Some dork with 200,000 followers saying the CCP is bad probably has 1/1,000,000,000th the influence on your average Americans opinion than one Fox News or CNN host has.
And on the flip side them stanning the CCP would have a similarly meaningless affect.
So idk why we spend so much time getting pissy at them for their hot takes when all when all of them disappearing tomorrow wouldn’t change anything.
Partially. In general, you can see from election results that the American people are pretty subtly anti-war, which is why so much consent needs to be manufactured and they can't ever be given a meaningful opportunity to express that desire with a major candidate.
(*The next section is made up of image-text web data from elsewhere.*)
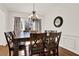 Elegant dining room with a wooden table, seating for six, and a view of the front yard at 672 Red Sunset Cir, Powder Springs, GA 30127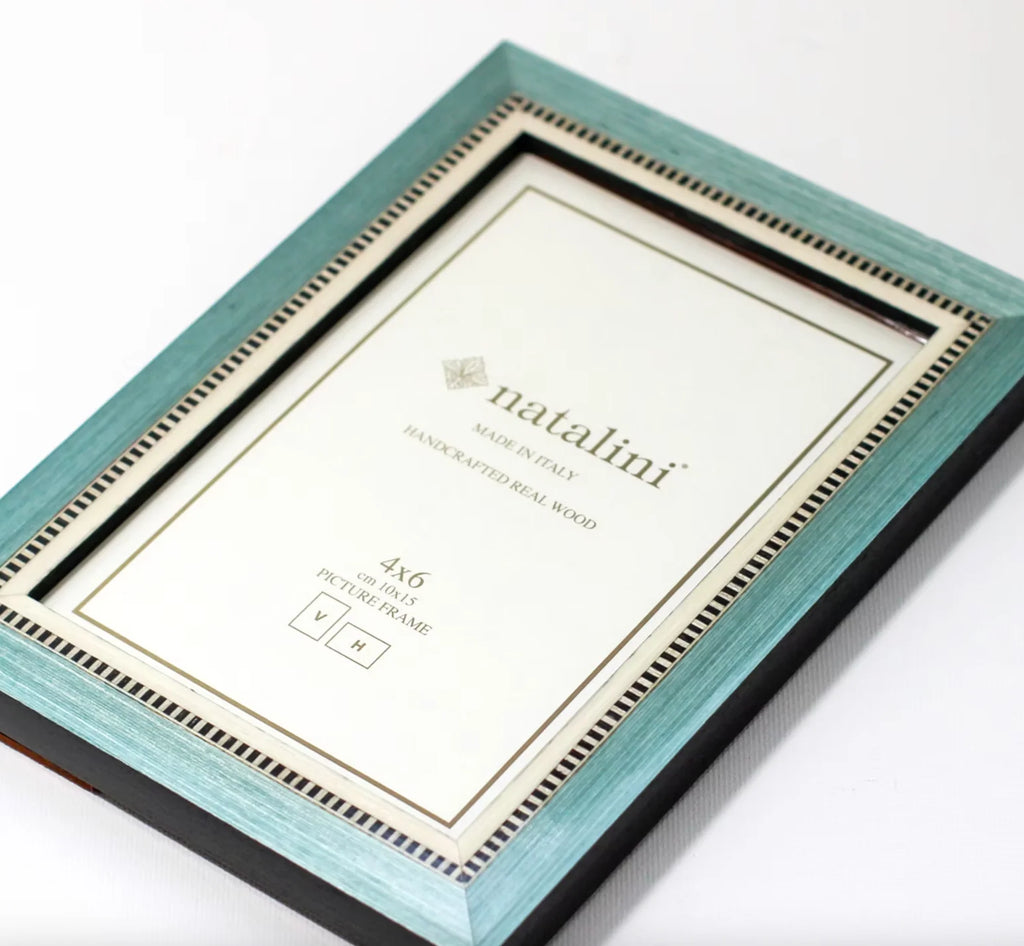 Teal picture frame with 'natalini' branding on a white background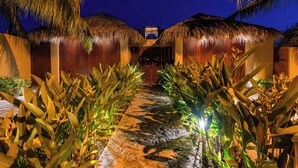 A pathway flanked by thatched-roof structures and tropical plants, leading to a central building with a visible entrance. - 3BR Luxury Villa | Pool & Panoramic Ocean Views (Huatulco)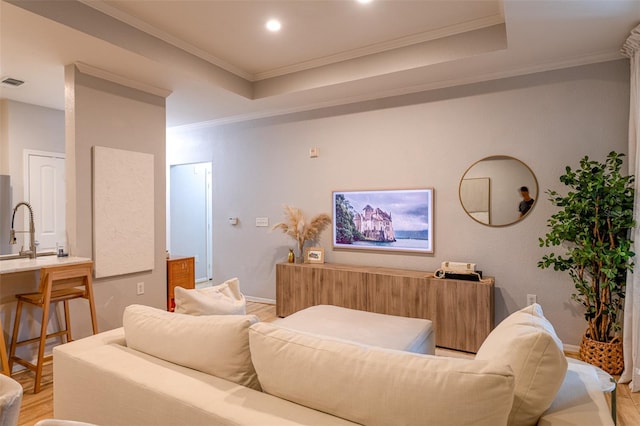 living room with visible vents, crown molding, a raised ceiling, baseboards, and light wood-style flooring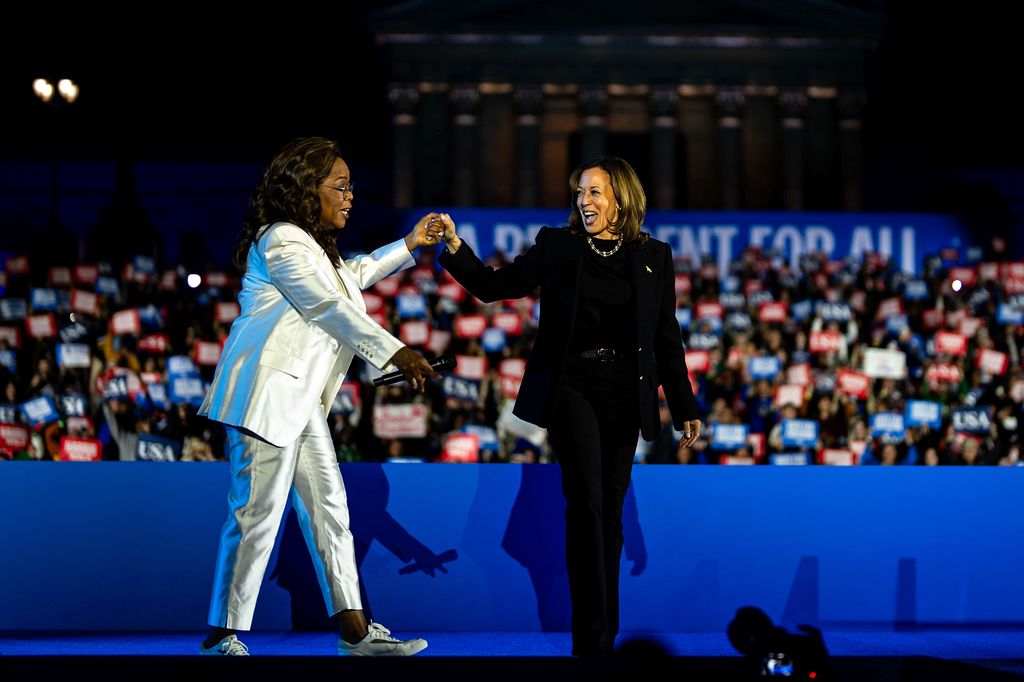 Kamala Harris (R) speaks alongside Oprah Winfrey during the closing rally of her campaign at the base of the iconic "Rocky Steps" at the Philadelphia Museum of Art on November 05, 2024 in Philadelphia, Pennsylvania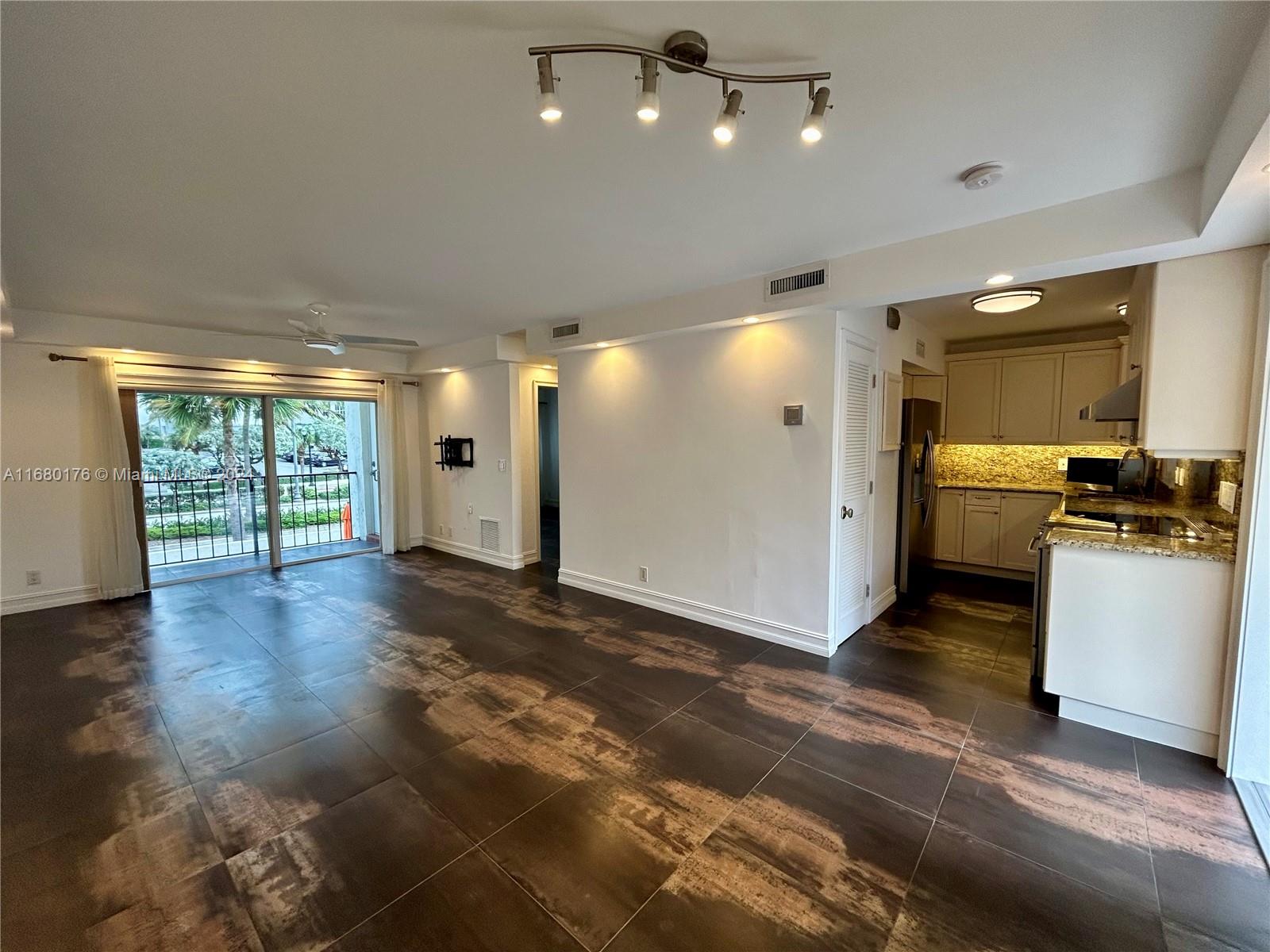 a view of a electric appliances in kitchen and empty room with wooden floor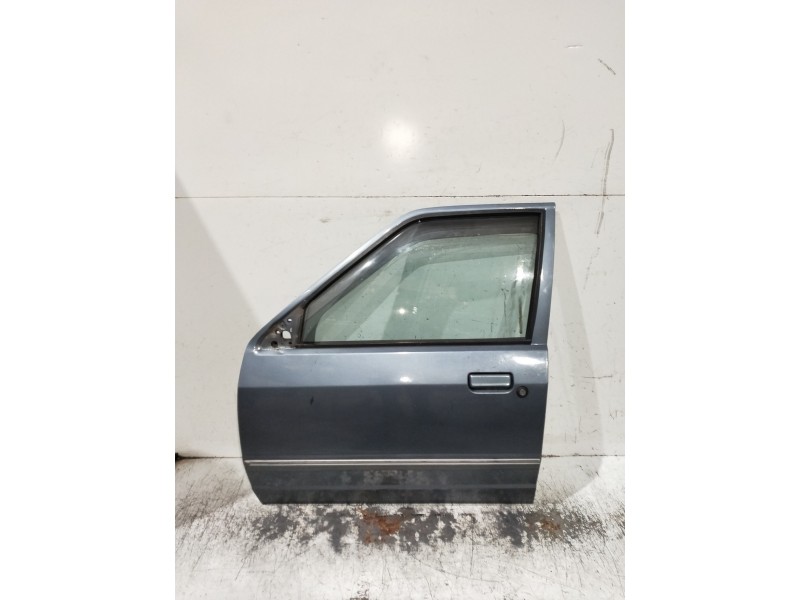 Recambio de puerta delantera izquierda para ford escort berlina referencia OEM IAM   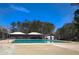Community pool with clear blue water, covered seating, and well-maintained surrounding area at 4186 Argonne Dr, Villa Rica, GA 30180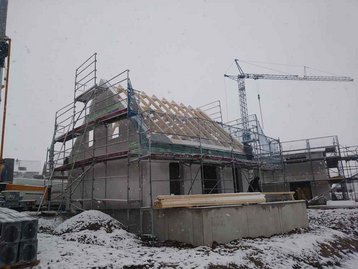 Kran neben Haus zum Dach bauen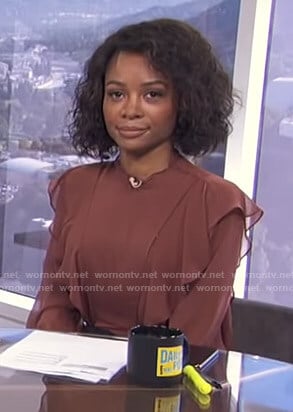 Zuri's brown ruffled blouse on E! News Daily Pop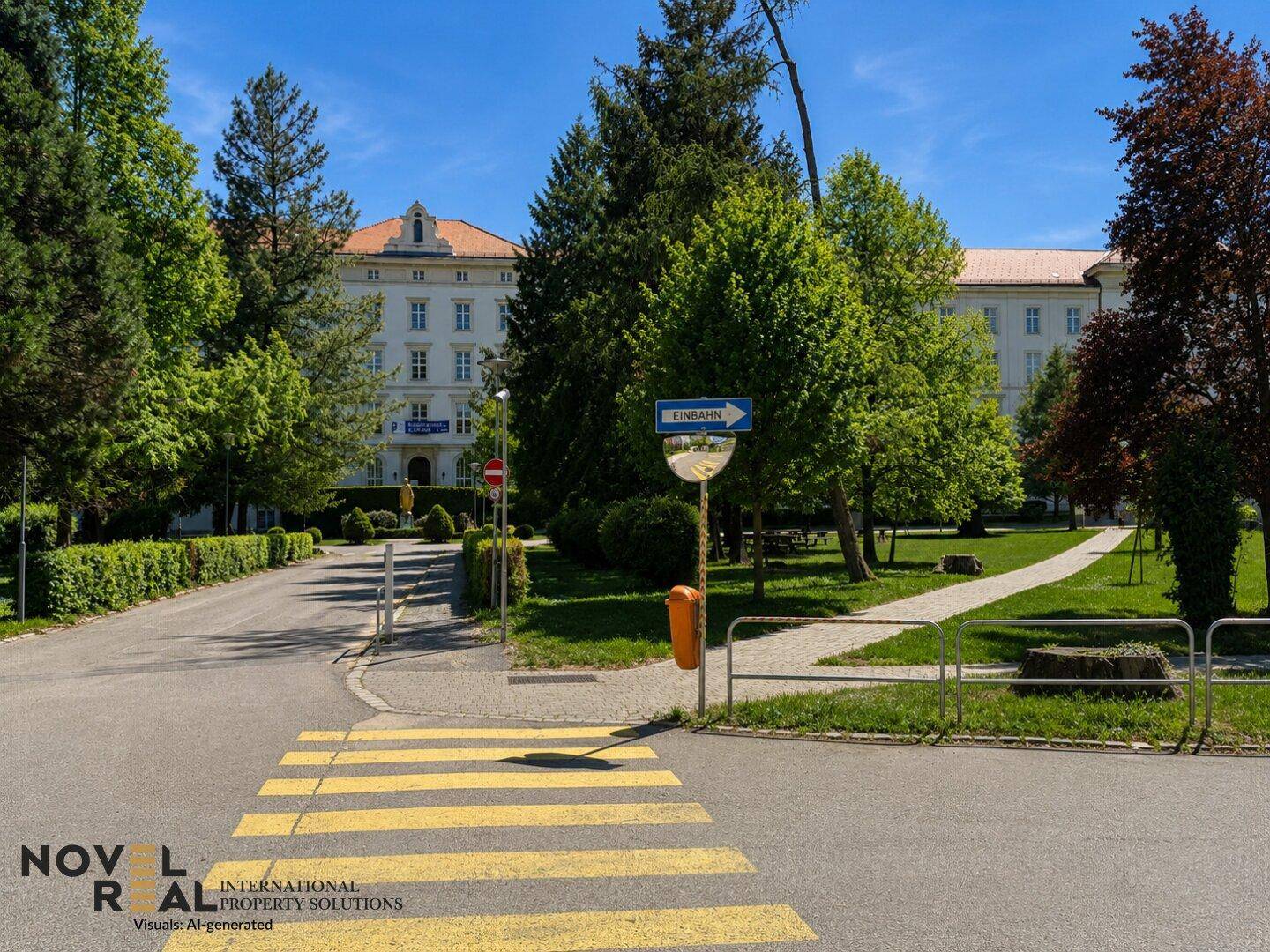 Straßenkreuzung mit Zebrastreifen und einem großen, klassischen Gebäude im Hintergrund, umgeben von Grün.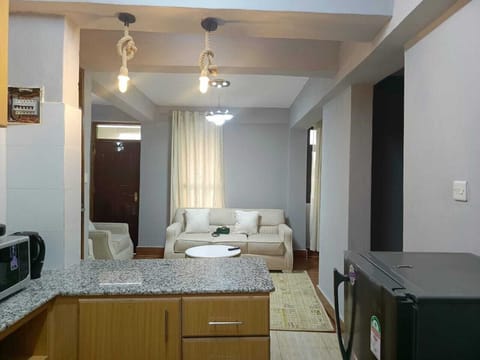 Comfort Apartment | Living area | 24-inch Smart TV with digital channels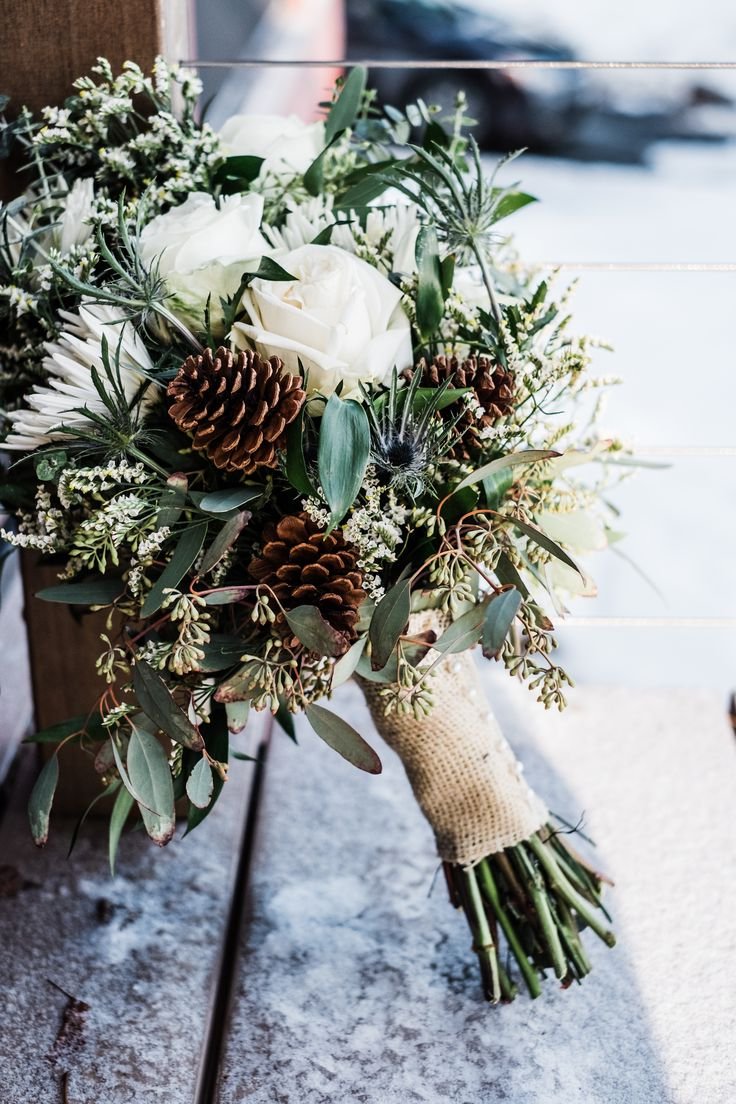 rustic winter wedding bouquet with white roses eucalyptus and pine cones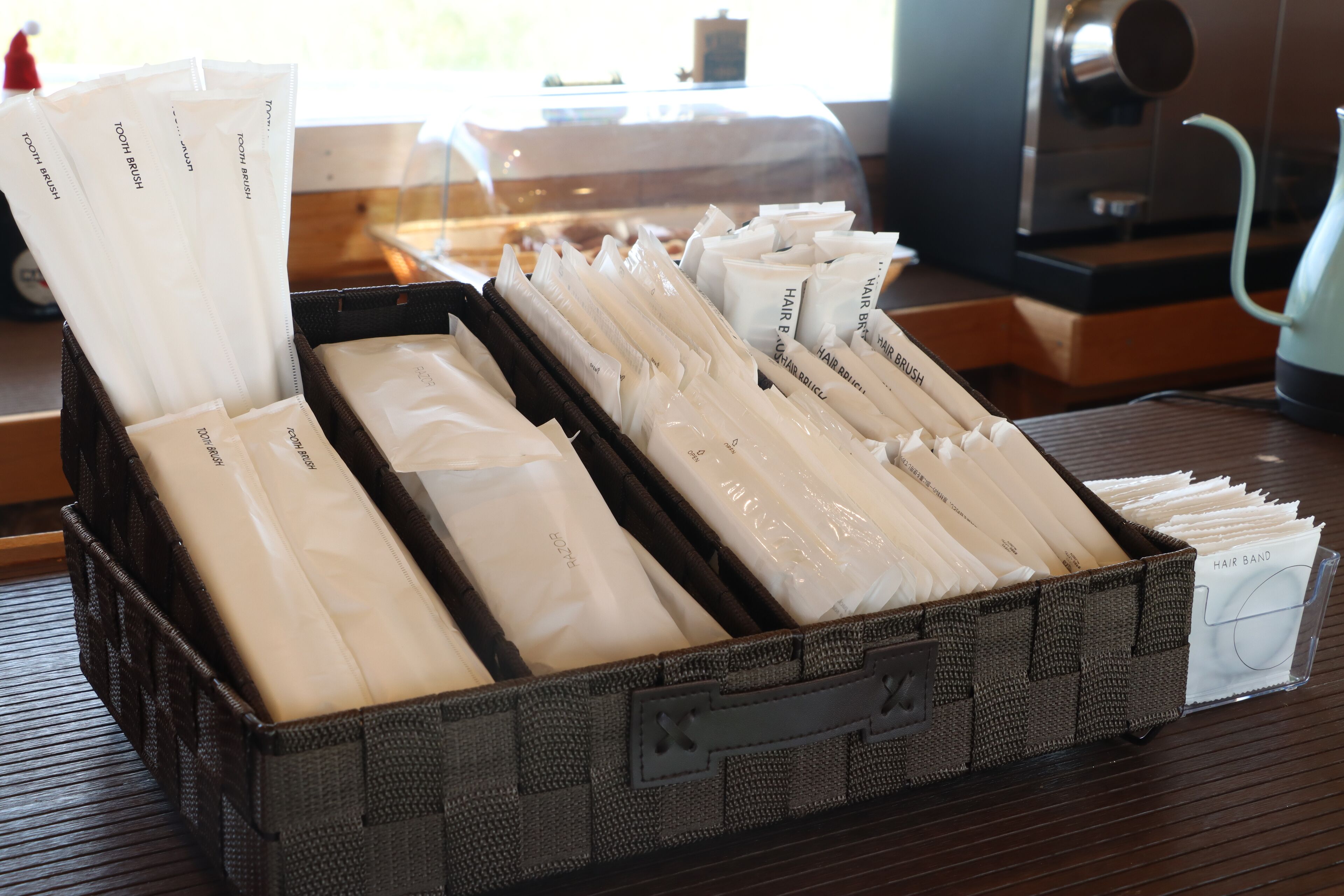 A storage box containing various hair care products.
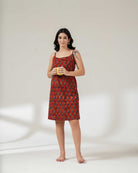 Woman wearing a red patterned dress holding a yellow cup on a white background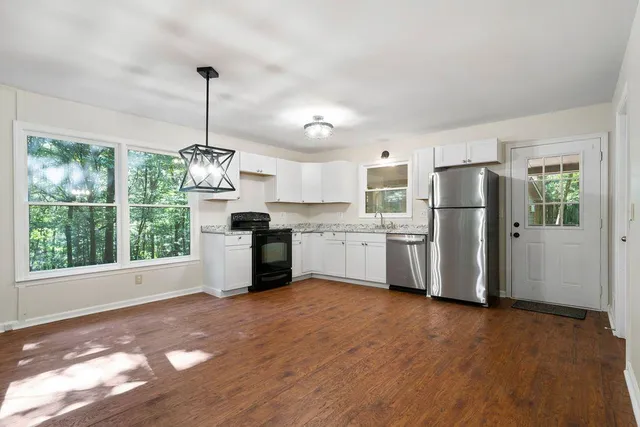 a kitchen with stainless steel appliances granite countertop a refrigerator a sink dishwasher a stove and white cabinets with wooden floor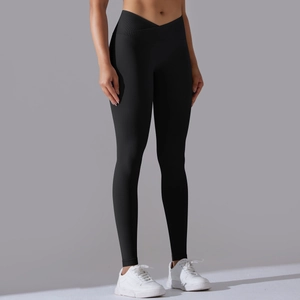 Dettaglio dei pantaloni da yoga senza cuciture con vita a incrocio e tessuto nero traspirante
That's a great bit of clarification. People do lean anti-war (at least "real" wars that the U.S. directly fights); it's more the endless variety of regional crises that most people tune out entirely. No appreciable amount of votes are determined by our relationship with Saudi Arabia, for instance.
15 years ago this would have been a laughable idea. Today, maybe not.
2004 is like the only election in thirty years where the candidate perceived as being more pro-war and pro-interventionist won.
1980? 1984? 1988? 2000?
Reagan and Bush and Bush were less interventionist than Carter, Mondale, Dukakis, and Gore?
Sorry, I meant 30 years from today. But yes, Bush in 2000 was perceived as less interventionist than Gore. This history has been completely forgotten, but he ran against expanding America's NATO and UN commitments.